On how sacred attention is everything

Crosóg Bríde: Drumnalost (Bridgid's cross)
Crosóg Bríde: Drumnalost, (c) Louise Price

The Pagan choir I lead was working on a new song for Imbolc a few weeks ago, Lisa Thiel’s Imbolc, from the album Circle of the Seasons. It’s a song for Brigid (pronounced Bridjid or Breed) with the following lyrics:

Blessed Bridget comest thou in
Bless this house and all of our kin
Bless this house, and all of our kin
Protect this house and all within

Blessed Bridget come into thy bed
With a gem at thy heart and a crown on thy head
Awaken the fire within our souls
Awaken the fire that makes us whole

Blessed Bridget, queen of the fire
Help us to manifest our desire
May we bring forth all that’s good and fine
May we give birth to our dreams in time

Blessed Bridget comest thou in
Bless this house and all of our kin
From the source of Infinite Light
Kindle the flame of our spirits tonight

There are several different kinds of Pagans in the choir I lead. Some are experienced singers with little experience priestessing, some are experienced priestesses with little experience singing and performing and some are less  experienced in either.

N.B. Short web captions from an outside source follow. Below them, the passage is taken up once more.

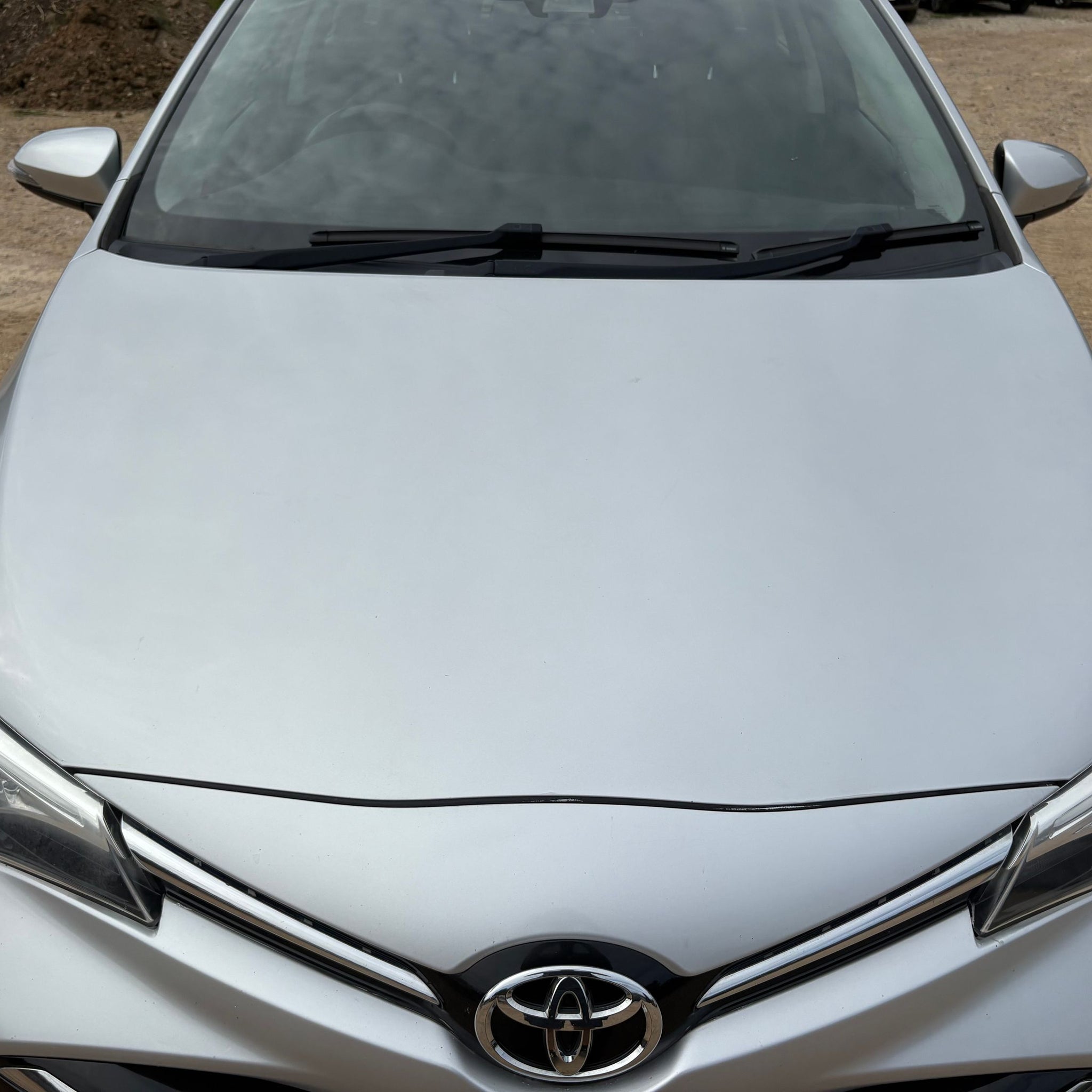 2016 TOYOTA AVENSIS BONNET 1F7 SILVER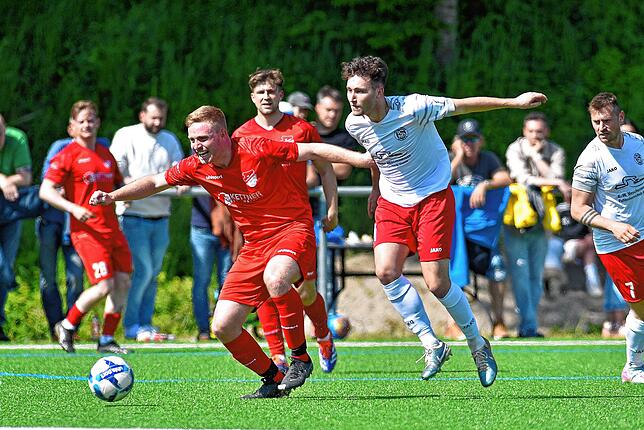 Bild 10: Der FC Pfaffenweiler stürzt den Tabellenführer – und wir waren mit der Kamera dabei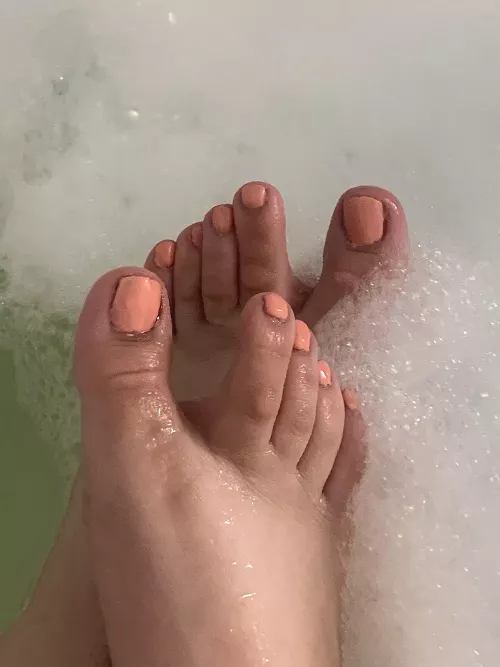 I made my nails on my feet too🥰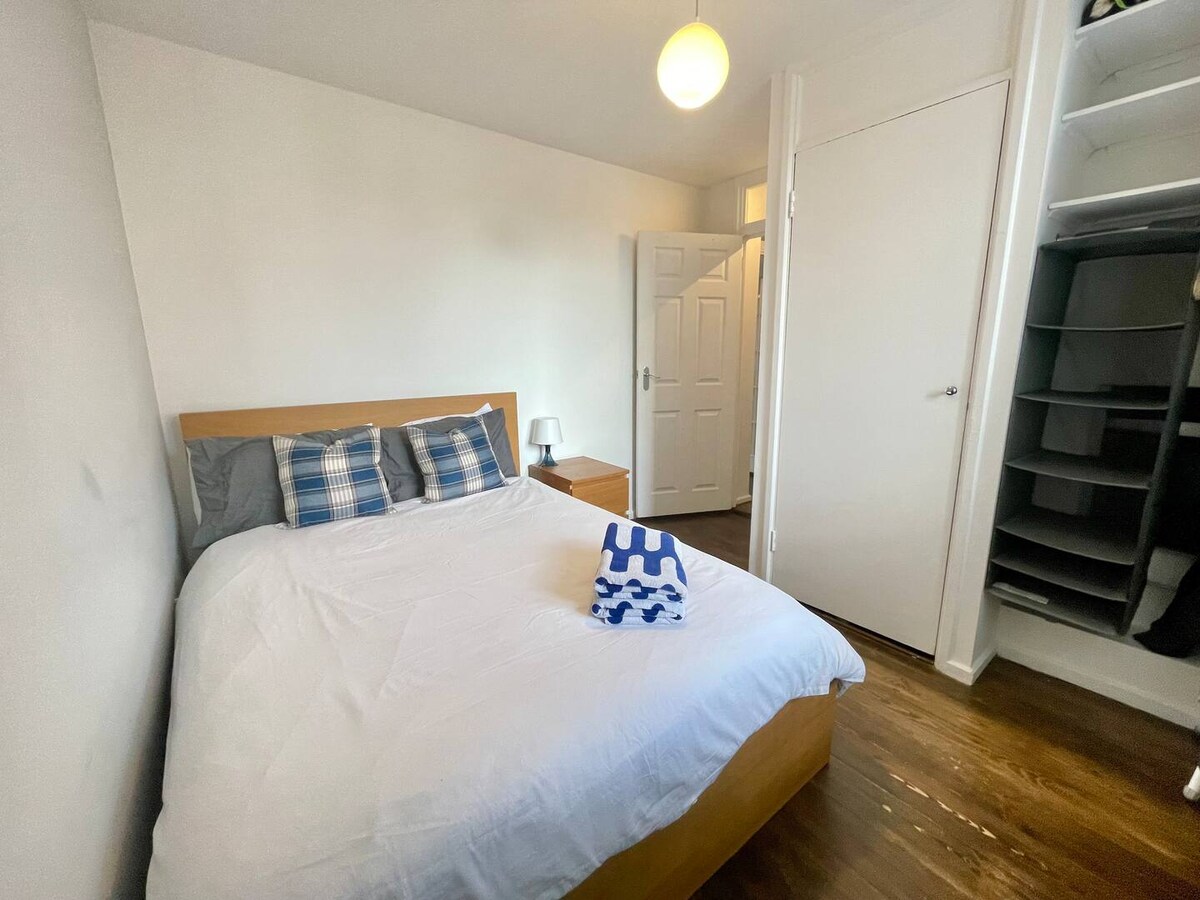 Un segundo dormitorio igualmente grande con cama matrimonial y armario.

However, all are game for an experiment, and Pagan music being a largely oral music tradition, we do a lot of experiments with different ways of arranging and mixing the songs to make them more layered and interesting. However, this most recent experiment was quite powerful.

I paired up the members including myself set us each to sing the song in pairs, at our own speed, as if it was (and is) and invocation of Bridgid.

Myself and one other singer, who is a professional singer, very experienced as a singer but less as a priestess,  went into a separate room, grounded and began to sing it, trusting Bridgid to guide us. I asked my partner to sing the song as if she was calling directly to Brigid and invoking the song as a spell. And magic happened. We connected to the energy of the song and inprovised a winding, tight, almost Baltic harmony as we sang the song. I could feel the power of Her flow through both of us an we just followed it.

Encouraged by this success, I went back into the choir room, and we all switched singing partners. My second partner was an experienced priestess whose singing is understandably quite a bit less polished than my first partner. For her my direction to sing the song as an invocation had a quite different flavour. A dedicated and devout priestess, the instruction to sing the song as an invocation to the Goddess Bridgid had the effect of pulling her deeper into the song, making the song real and rich and deep, as if it had been in one dimension before but now was in three.  Her tone was better, her volume and tone varied with the meaning of the song, and it had the meaning she brought to it by her devotion. It was transformed by the presence she brought to it.

I think the lesson in this, from Bridgid, Goddess of Bards after all, is that sacred presence makes everything better, and that when songs (and life) mean something and you really attend to that meaning and connection with the sacred, it transforms what you do.

After we finished singing, we thanked and devoked Bridgid, because She was definitely present.

Imbolc Blessings Everyone.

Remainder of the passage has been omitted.